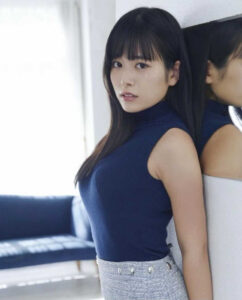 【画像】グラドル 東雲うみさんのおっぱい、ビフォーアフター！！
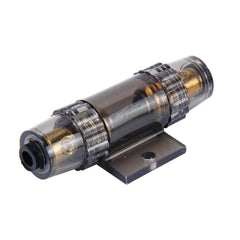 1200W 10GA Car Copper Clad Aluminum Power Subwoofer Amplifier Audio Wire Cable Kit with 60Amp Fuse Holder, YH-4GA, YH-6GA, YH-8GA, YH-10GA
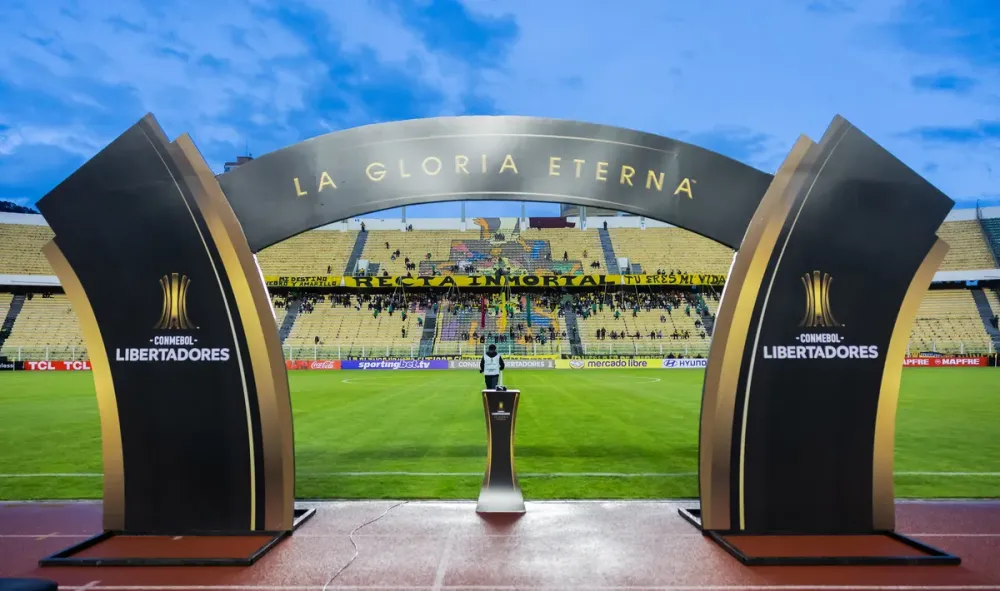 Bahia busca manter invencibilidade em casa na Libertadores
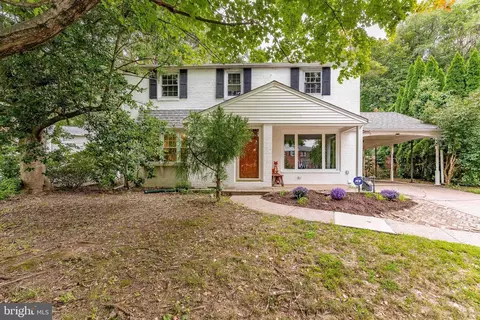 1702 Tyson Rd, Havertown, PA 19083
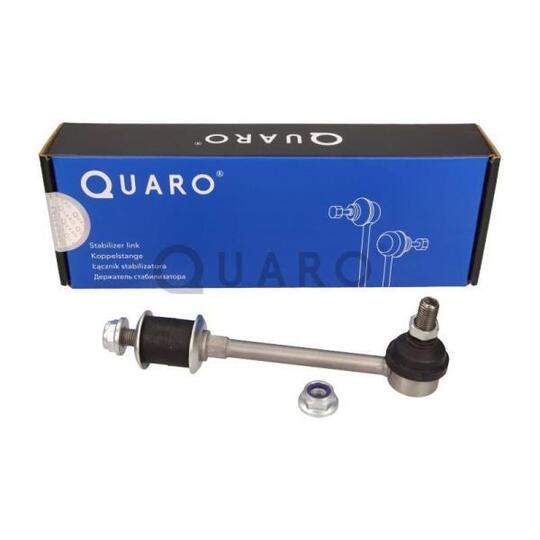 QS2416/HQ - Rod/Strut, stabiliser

┄┄┄┄┄┄┄┄┄┄┄┄┄┄┄┄┄┄┄┄

ASSIGNMENT - Write out the lines from the line with "1200W 10GA Car" through the end of the records exactly; do not include pictures or any other lines.

RESPONSE TO THIS EXERCISE -
 1200W 10GA Car Copper Clad Aluminum Power Subwoofer Amplifier Audio Wire Cable Kit with 60Amp Fuse Holder, YH-4GA, YH-6GA, YH-8GA, YH-10GA
 Bahia busca manter invencibilidade em casa na Libertadores
 1702 Tyson Rd, Havertown, PA 19083
 QS2416/HQ - Rod/Strut, stabiliser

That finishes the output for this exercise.